Pour le directeur du Centre de géopolitique de l'énergie et des matières premières (CGEMP), seul un effondrement de la demande mondiale liée à une récession pourrait permettre d'éviter une flambée des prix. "Globalement, en 2023, ce que nous disent les organismes internationaux comme le FMI, c'est qu'on va vers une période moins dynamique en termes économiques, peut-être même une récession, poursuit le chercheur. Dans une récession, au niveau mondial, les prix peuvent baisser. Il faut se souvenir de ce qu'il s'était passé au début de la crise Covid. Le prix du baril de pétrole était quasi tombé à 0." Auprès de TF1 la semaine dernière, il insistait notamment sur le rôle déterminant de la Chine, dont la demande est encore restreinte par la politique sanitaire, dans l'orientation de la tendance internationale.
Un plateau haut virtuellement atteint?
Les prix du gazole auraient-ils donc déjà atteint un plafond? C'est en tout cas l'idée qu'avance Olivier Gantois. Le président de l'UFIP évoquent des récentes hausses qui ont déjà amené le prix du diesel à des niveaux élevés, d'abord dans la foulée de l'invasion de l'Ukraine, puis plus récemment en raison des grèves dans l'Hexagone. Mais l'entrée en vigueur de l'embargo sur les produits pétroliers venus de Russie est concomitante avec la fin programmée des "ristournes" à la pompe.

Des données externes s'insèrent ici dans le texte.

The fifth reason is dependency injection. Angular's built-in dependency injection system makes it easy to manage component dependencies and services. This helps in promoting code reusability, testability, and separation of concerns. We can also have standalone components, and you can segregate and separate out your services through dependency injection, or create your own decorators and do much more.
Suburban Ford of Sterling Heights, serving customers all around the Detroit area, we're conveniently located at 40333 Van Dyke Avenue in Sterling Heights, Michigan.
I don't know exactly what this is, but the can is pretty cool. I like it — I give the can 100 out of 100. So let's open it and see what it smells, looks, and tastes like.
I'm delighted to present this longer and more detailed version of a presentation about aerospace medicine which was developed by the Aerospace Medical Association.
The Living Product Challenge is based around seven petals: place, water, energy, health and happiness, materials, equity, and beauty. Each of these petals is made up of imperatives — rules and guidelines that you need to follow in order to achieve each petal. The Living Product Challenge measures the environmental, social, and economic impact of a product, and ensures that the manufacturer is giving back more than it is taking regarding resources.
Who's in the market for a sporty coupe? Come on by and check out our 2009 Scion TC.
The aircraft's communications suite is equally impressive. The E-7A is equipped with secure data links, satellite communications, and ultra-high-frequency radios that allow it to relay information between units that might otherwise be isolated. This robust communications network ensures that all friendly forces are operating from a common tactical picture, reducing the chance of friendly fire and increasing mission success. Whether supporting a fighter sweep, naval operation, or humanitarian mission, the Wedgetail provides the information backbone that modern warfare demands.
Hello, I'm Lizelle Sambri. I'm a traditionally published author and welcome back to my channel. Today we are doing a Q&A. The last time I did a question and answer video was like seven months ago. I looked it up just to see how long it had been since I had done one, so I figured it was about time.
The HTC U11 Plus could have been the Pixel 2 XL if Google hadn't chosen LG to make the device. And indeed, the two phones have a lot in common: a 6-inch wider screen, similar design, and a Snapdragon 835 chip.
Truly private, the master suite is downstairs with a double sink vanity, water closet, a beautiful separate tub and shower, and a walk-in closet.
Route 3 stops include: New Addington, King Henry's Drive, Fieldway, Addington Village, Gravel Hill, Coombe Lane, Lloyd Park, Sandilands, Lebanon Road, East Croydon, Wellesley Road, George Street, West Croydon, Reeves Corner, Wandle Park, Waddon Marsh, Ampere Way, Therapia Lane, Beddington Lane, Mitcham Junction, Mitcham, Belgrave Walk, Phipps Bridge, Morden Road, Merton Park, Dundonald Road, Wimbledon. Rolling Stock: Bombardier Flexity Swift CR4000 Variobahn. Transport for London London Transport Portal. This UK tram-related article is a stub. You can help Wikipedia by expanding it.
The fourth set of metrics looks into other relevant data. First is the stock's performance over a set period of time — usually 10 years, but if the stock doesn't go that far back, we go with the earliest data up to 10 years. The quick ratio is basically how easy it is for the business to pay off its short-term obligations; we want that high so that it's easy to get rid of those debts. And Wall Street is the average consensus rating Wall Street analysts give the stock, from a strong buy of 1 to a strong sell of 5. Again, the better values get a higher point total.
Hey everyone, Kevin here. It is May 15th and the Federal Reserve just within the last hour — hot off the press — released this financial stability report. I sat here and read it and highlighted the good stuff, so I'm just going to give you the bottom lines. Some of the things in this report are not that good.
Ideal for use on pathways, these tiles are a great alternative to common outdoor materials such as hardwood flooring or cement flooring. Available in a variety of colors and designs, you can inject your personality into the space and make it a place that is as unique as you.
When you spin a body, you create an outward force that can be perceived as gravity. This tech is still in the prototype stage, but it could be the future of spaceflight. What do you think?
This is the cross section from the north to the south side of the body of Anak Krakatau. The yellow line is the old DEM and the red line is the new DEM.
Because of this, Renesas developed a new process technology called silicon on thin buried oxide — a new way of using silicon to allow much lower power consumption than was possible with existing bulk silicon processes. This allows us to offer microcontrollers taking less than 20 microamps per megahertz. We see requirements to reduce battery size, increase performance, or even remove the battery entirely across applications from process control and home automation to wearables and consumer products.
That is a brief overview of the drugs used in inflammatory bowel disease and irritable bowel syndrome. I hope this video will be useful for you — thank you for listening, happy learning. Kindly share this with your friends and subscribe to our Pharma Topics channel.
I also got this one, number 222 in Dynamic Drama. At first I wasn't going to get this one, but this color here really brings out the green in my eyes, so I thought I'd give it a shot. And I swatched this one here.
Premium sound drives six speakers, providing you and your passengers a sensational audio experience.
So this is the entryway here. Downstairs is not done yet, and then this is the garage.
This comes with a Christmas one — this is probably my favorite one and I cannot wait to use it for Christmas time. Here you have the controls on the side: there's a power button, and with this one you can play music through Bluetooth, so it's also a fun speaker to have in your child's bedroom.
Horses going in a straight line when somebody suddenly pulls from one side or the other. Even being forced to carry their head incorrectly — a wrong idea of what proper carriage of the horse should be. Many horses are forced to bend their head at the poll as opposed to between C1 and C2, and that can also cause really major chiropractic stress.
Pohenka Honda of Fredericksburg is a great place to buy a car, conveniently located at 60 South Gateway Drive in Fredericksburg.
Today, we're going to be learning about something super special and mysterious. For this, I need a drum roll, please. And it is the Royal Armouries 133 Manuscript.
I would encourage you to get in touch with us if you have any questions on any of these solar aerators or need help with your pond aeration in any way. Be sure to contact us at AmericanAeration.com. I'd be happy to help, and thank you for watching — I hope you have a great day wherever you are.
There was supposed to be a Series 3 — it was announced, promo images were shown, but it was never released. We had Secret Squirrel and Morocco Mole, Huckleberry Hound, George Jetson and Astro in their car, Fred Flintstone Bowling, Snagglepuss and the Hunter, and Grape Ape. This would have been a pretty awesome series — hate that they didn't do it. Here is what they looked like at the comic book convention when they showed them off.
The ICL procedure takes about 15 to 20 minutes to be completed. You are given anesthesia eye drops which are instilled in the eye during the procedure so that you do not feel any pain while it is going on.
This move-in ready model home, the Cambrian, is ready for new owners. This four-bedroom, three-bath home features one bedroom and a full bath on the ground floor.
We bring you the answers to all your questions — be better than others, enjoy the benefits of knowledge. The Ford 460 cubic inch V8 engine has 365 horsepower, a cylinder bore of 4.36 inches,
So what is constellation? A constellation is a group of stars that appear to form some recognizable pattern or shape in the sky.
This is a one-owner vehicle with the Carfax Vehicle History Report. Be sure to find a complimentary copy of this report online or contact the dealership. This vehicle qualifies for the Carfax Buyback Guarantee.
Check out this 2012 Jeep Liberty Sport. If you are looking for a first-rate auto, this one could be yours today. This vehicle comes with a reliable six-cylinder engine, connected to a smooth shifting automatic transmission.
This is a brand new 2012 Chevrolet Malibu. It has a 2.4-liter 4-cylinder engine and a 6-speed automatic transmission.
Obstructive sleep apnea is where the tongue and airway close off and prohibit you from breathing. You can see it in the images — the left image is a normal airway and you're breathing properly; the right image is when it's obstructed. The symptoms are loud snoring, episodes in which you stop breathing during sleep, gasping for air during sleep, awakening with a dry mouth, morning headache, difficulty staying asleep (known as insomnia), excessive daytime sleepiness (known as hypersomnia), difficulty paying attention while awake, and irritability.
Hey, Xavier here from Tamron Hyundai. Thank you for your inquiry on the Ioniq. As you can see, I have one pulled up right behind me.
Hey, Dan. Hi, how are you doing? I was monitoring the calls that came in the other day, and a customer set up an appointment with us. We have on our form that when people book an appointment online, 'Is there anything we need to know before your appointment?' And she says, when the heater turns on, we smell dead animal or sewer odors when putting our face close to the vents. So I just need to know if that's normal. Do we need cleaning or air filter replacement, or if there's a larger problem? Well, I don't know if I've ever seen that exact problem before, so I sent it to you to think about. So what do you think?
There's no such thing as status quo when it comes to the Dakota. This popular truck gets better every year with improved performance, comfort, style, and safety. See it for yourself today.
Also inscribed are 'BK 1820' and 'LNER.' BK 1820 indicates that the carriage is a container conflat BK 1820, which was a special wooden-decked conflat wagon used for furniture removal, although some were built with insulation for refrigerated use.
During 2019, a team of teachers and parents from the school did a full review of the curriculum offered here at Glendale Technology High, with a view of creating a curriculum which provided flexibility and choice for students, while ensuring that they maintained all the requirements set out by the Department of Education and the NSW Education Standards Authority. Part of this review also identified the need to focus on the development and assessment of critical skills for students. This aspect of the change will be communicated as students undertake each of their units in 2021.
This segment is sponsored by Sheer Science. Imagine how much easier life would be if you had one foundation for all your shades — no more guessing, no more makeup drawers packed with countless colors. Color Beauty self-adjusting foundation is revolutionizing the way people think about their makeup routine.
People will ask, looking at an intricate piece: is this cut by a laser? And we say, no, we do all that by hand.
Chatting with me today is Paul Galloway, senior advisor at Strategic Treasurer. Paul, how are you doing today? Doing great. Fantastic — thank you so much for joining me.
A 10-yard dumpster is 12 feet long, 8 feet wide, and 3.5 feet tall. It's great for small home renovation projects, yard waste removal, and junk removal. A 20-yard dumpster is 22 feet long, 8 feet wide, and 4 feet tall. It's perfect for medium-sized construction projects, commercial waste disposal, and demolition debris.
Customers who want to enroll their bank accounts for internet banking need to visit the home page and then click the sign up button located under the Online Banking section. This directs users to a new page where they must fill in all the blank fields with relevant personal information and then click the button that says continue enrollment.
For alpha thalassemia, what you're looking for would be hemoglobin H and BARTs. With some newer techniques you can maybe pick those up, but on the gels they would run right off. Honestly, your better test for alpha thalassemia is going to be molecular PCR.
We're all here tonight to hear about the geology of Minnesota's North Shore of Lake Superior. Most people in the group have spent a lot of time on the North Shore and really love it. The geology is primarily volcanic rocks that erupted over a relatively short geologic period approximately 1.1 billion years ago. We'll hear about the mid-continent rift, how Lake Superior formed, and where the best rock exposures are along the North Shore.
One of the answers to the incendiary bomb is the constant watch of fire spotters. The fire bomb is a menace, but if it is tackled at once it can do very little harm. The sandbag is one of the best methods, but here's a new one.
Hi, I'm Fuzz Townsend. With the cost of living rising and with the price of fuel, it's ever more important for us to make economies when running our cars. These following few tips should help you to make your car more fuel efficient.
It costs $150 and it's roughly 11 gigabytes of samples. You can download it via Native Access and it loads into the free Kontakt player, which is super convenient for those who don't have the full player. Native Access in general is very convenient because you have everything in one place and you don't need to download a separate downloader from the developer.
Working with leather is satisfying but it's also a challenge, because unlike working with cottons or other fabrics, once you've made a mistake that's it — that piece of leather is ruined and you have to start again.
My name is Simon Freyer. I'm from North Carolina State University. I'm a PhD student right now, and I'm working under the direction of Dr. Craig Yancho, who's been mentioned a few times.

Olivier Gantois rappelle ainsi que les ristournes jouent un rôle dissimulateur sur la véritable valeur du gazole. "Le renchérissement ne va pas disparaître mais il n'y a pas de raison que ça augmente plus par rapport au brut et on risque de rester sur ce plateau haut", estime-t-il. La semaine dernière, les prix du gazole à la pompe avaient grimpé de 12 centimes. TotalEnergies annonce déjà s’engager "à répercuter de façon réactive les variations des cours des matières premières, à la hausse comme à la baisse, en toute transparence".
De son côté, Patrice Geoffron entrevoit le pire et n'hésite pas à employer l'expression de "mini choc pétrolier", qui ne se limiterait pas au seul diesel, pour résumer ses prévisions.
"J'imagine un mini choc pétrolier avec le début de l'embargo russe, qui produit une déstabilisation", anticipe le directeur du Centre de géopolitique de l'énergie et des matières premières (CGEMP).
"A ce moment, le prix du pétrole pourrait augmenter considérablement, au dessus de 2 euros par litre. Les ristournes auront disparu, le prix du pétrole aura augmenté. C'est un premier scénario, le prix au litre pourrait même être de 2,50 euros mais ça c'est pour le plus haut, prévient Patrice Geoffron. A l'inverse, on peut imaginer une dynamique mondiale qui s'affaisse. A ce moment-là, le prix du baril pourrait tomber sous les 70 dollars avec un prix à la pompe à 1,60 euro. Ça donne une fourchette qui est très large."